Aspendos’a göre (" Olağan Şüpheli " artık) süper bir çeviri ,ama bazı yerlerde
zaman hataları ,bir yetmiş bin dolar bir yedi bin dolar olan para ,New York
Seattle karmaşası var ,ama bu saydıklarım bile hikayeye toz düşürmüyor.Gönül
başka bir yayınevinden çıkmasından yana tabii ki .
Kitaba mutlaka okunmalı verdim , sanırım bu tarzı ya da türü sevenler için diye şerh koymalıyım .Ama şu da var ki "dark romance " ,"gerilim" pek sevmeyen ve okumayan biri olarak ,bu kitaba bayıldım
Umarın yazarın Colleen Hoover la yazdığı Never Never
üçlemesi ( ki üçüncü kitap bu yıl çıkacak) yakın zamanda bizde de
yayınlanır.İkisinin yazdığı bir hikayeyi okumak... ahhhh düşünmek bile heyecan
verici.
Sibel
Cidden çok karanlık bir kitap. Özellikle başlarında içim o
kadar daraldı ki (sıkıntıdan değil) yazarın tarzından emin olmasam kenara bırakırdım
daha sonra okumak için.Sonunda elbette ki pişman da olmadım bırakmadığım için.

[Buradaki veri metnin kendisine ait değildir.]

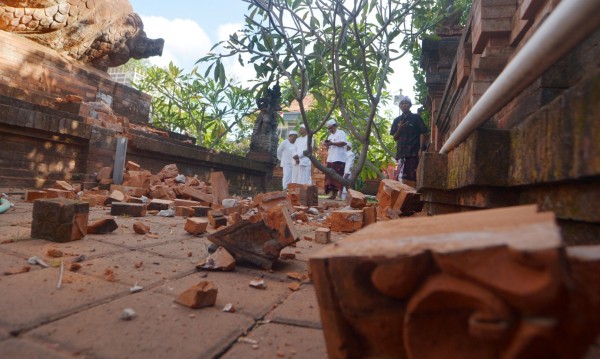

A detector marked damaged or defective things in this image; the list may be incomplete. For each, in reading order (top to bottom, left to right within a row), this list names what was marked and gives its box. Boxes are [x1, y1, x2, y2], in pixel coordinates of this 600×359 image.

broken brick [32, 198, 89, 243]
broken brick [86, 218, 118, 235]
broken brick [183, 218, 209, 235]
broken brick [314, 228, 332, 245]
broken brick [330, 211, 364, 233]
broken brick [173, 282, 218, 310]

Aslında üstünde çok tartışılacak bir hikaye ki Gül ile baya
baya da tartıştık ,ama şöyle ama böyle diye diye.Ancak yaptığımız bu
tartışmaları yoruma taşırsak dev spoilerları ile bu kitaba ihanet gibi olur.
Çünkü özellikle bir noktadan sonra ortaya çıkanların ip ucunu bile vermek kitabın
bütün heyecanını kaçırır henüz okumayanlar için.
Ama şöyle tanımlayabilirim kitabı size; yazar hikayenin
başından itibaren 4.vitesle hızla ilerlerken , kitabın ¾ üne
geldiğinizde, tam siz bazı şeyleri kafanıza oturtmuş, adaletin uygulanması ile
ilgili kendi kendinizi sorgularken (hangisi doğru hareket olur acaba şeklinde)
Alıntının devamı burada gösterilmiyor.